In the course of developing a Disintermediated Solution, this study will review the Insurance Industry’s initial, very proper and sympathetic response to the “coverage crisis,” and then explore how the industry ”took the bait” cast widely by the lawyers and other Middlemen, who tend to agitate. The Insurance Industry permitted the controversy to escalate as it banded together on a course committed to fight back “tooth and nail.” The discussion addresses how this unnecessary litigation brawl can continue to unravel and take unanticipated turns; and whether this could ultimately present a serious threat to the Insurance Industry’s performance of its essential role that protects Policyholders and is intimately tied to the public interest.

The study will review details of the current COVID-19 Insurance Litigation in plain language, including the major elements of the dispute, the law as it relates to the actual insurance policy language.  At the outset the language seemed to clearly favor the Insurance Industry, backed by a long history of case law, but later it became open to question. It will examine the four important words common in Business Interruption Insurance Policies: “Physical Loss or Damage” which is required to trigger coverage. It will then discuss how the dispute might play out in the traditional legal process, and why this theatre should be avoided.

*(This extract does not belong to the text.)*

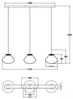 Fabas Luce 3774-48-126 LED Pendelleuchte Deva 3-flammig in Linie Grau Transparent Bild 2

After doing so, this study observes that the Middlemen appear to entice Policyholders into suing the Insurance Industry in Aggregated Cases, like class actions, that combine groups of claims, to increase the Middlemen’s “take”, without corresponding incremental effort or expense. Some of these Middlemen appear to operate inconsistently with the interests of the Policyholders who would be significantly better off rejecting the opportunity to be part of an Aggregated Case, and instead, just sitting tight, protected by what are called “Tolling Agreements”, observing test cases from the sidelines and avoiding legal costs entirely.

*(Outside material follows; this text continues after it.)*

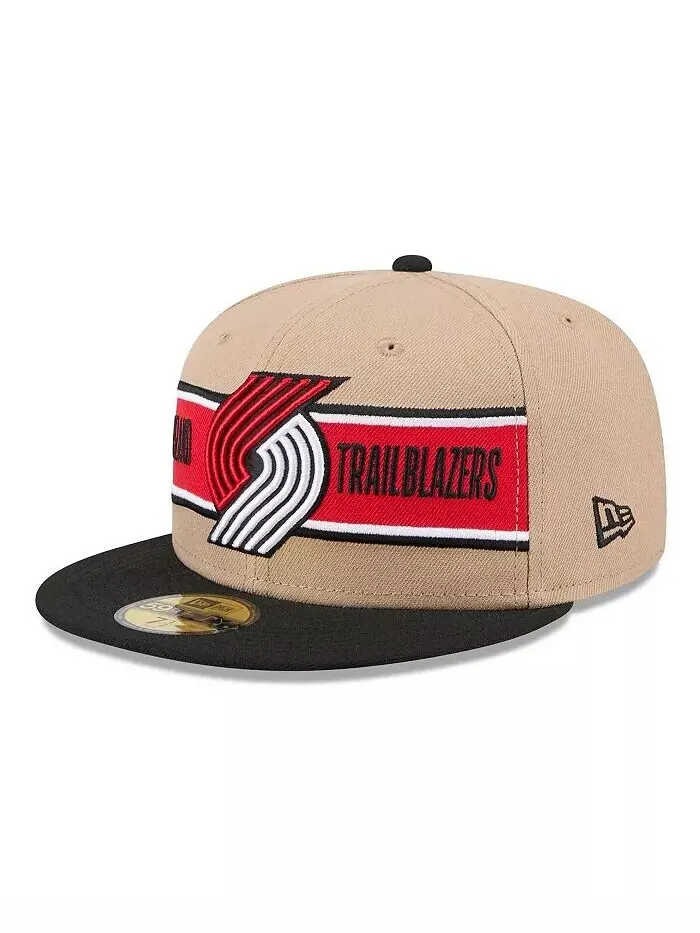 Мужская бежево-черная кепка Portland Trail Blazers 2024 NBA Draft 59FIFTY Fitted New Era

This study will conclude by offering a practical blueprint for a Disintermediated Solution to the COVID-19 Litigation Crisis based on a hypothetical $90,000 case. It will demonstrate how a simple solution can be implemented world-wide to more quickly end the burdensome COVID-19 Insurance Litigation that has turned into its own massive economic plague. Instead of wasting time navigating the painful legal process, and the prospect of courtrooms filled with angry people, the Insurance Industry and the Policyholders can shatter the faded mold and resume their “partnership”, end the Litigation Crisis and realize a better financial result, allowing the Policyholders to spend their time re-building their businesses and exploring a better life, and the Insurance Industry to serve its social purpose without distractions.

Shatter The Faded Mold

A Disintermediated Solution would be implemented by a Summit attended by Insurance Industry leaders and leaders from major trade groups that represent Policyholders from important business segments with COVID-19 related claims.  It would be led by an Administrator who is assisted by econometricians who will model various scenarios as well as other professionals.

Part One: The Disputes About Insurance Payments For COVID-19 Losses Began Quietly And Could Have Been Controlled.

Soon after the COVID-19 Pandemic “lock-downs” began in California on March 19, 2020, business owners began making light inquiries about whether their All-Risks Business Interruption Insurance Policies might cover their anticipated losses.  Policyholders were facing tragedies of all sorts.  The Insurance Industry’s position, while sympathetic towards the Policyholders, understandably discouraged them from making claims based on the then prevailing view of standard policy language and the coverage it afforded.